07-30-2013 12:10 PM
Thankyou. Can you explain me little bit more about this delay or point me to reference(articles or examples) that explains the importance of this... I am only few months into Labview; hence all these questions.
07-30-2013 11:27 PM
I believe that Seeker is talking about the Wait (ms) function. The reason that you do not want to run a while loop without a wait function is that this can potentially consume a lot of CPU time (unthrottled loops running continuously can consume near all available CPU time). That being said, I can't remember what the loop that they are refering to is doing, but as long as you have function in the overarching loop that has to wait for data, adding a delay doesn't really help anything as the main loop will be throttled by the hardware communication (if you have a termination character, the loop will stop and wait at that VISA Read until it either 1) receives the termination character or 2) times out). Similarly, if you have a communication VI (such as a queue or a notifier) that you are waiting on data from, you will not need a Wait function as these naturally throttle the loop in which they are located.
Cheers, Matt
07-31-2013 01:00 PM
Hmmnnn... This is odd... I don't recall posting to this thread. (It appears someone here must have replied to this thread using my computer -- and hence, my profile...)
In any event, both Matt and my colleague (presumably "df86"), are correct in this instance.
Matt is correct in saying that, if the process is halted and waiting on data, it will free up the processor for other tasks (-- although, if you are new to LabVIEW, you may not have an in-depth understanding about how things work "under the hood", and what you don't know in some cases *may* come back to bite you later... 😉
My colleague (likely "df86") was also correct, referring to a commonly used "best practice" of ensuring that loops "play nicely" with each other. By including a 'ms wait' function in each loop, you are ensuring that no single loop can inundate the LabVIEW Execution Queue with so many execution requests that the other loops are starved for processor time.

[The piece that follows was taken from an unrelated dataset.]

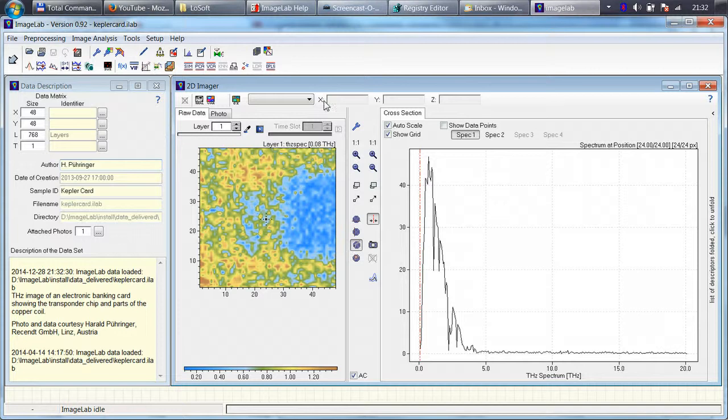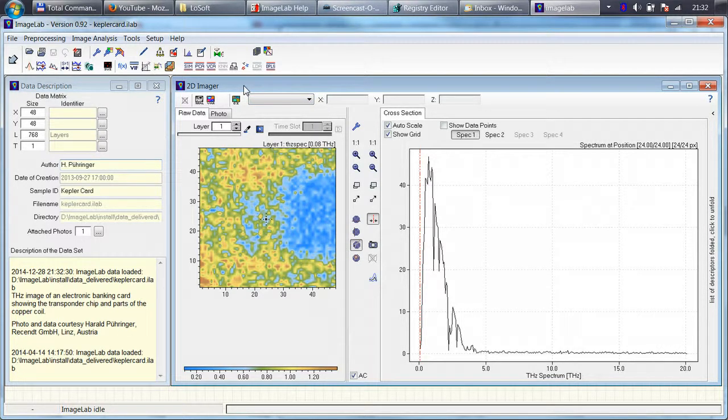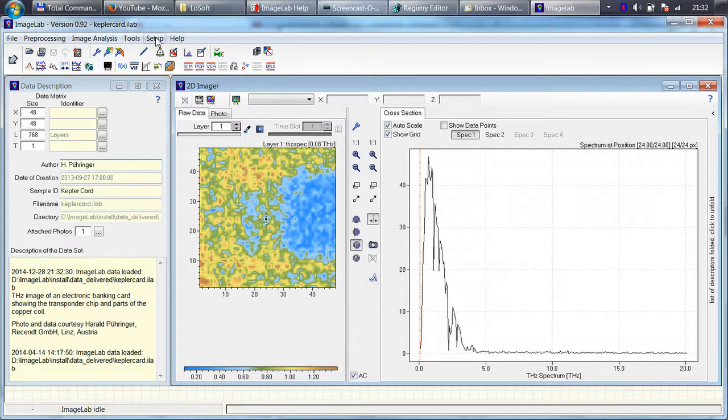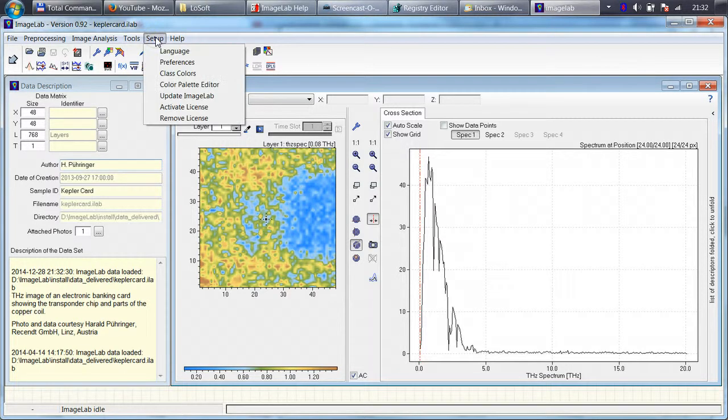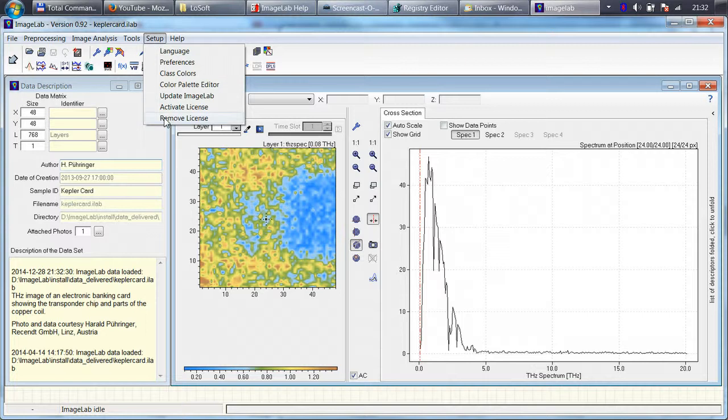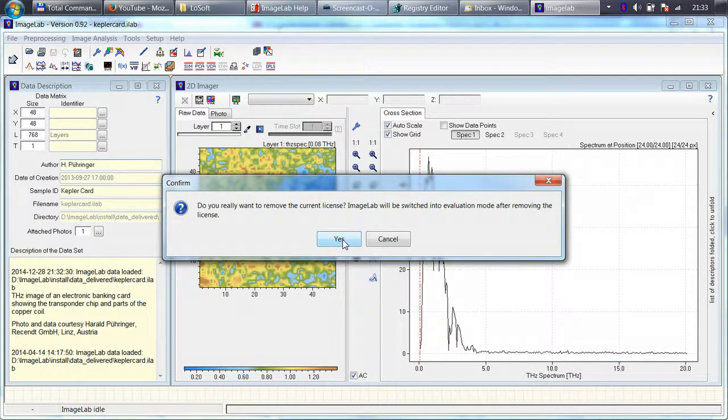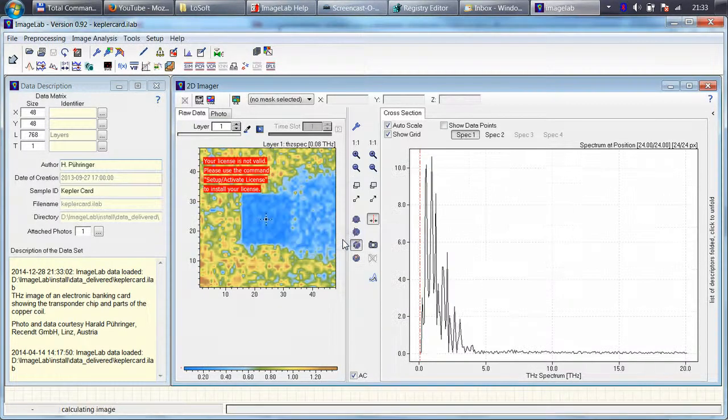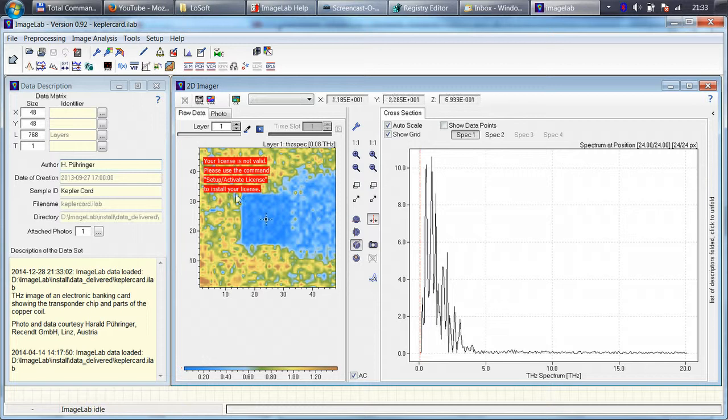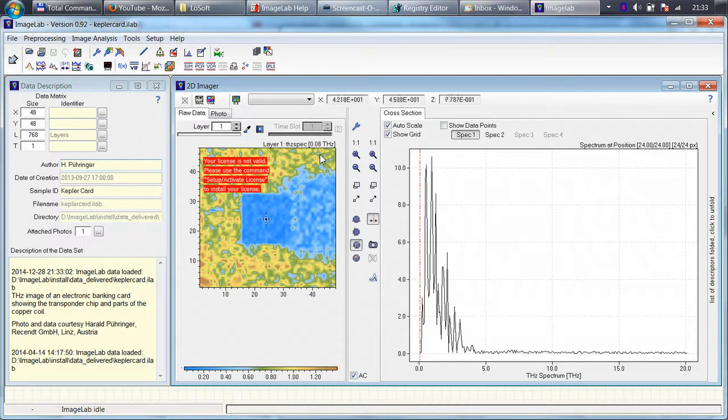Of course, just as a remark, if you, for example, installed your license on a foreign computer and you want to remove the license, you could also remove the license just by clicking Setup, Remove License. And if you confirm this question, then you get rid of the license and ImageLab is back in the evaluation mode.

A quick walk down memory lane:
Back in the early days of LabVIEW, when it ran on single core processors, and the Event Structure wasn't even a glimmer in the eye of Jeff Kodosky (...or Rob Dye, or Greg McKaskle... or whomever else it was who brought that convenient and much-needed structure into the LV world), GUI input was polled in a standard While loop. A common "newbie" error was to neglect the wait function in the GUI polling loop. Without the wait function, the LabVIEW Execution Queue would become flooded with execution requests from the GUI polling loop, and all other loops would be completely starved for processor power. The other loops -- that did the actual "work" of the application -- would never have time to execute, and if a secondary "consumer" loop was used to process the GUI input (as was common practise at the time), this secondary GUI loop would never have time to execute either. The entire application would be totally unresponsive -- all for the lack of a single, modest wait function.
Admittedly, this "best pratice" is not as crtical since the introduction of muticore computers and multithreading, however not all LabVIEW installations are built on high-end Windows systems. It still makes sense in less-caple system installations, and as a useful means to balance the load across loops.
So in a sense, both answers are correct. In a nutshell, if and when you are not sure how the LabVIEW execution system is going to respond in any given situation, it is still a good practice to include a ms wait function (-- typically 25 to 100ms) somewhere in each parallel loop to balance the load between loops -- at least until you have a better understanding of how things are working under the hood.
Cheers, and good luck with your application!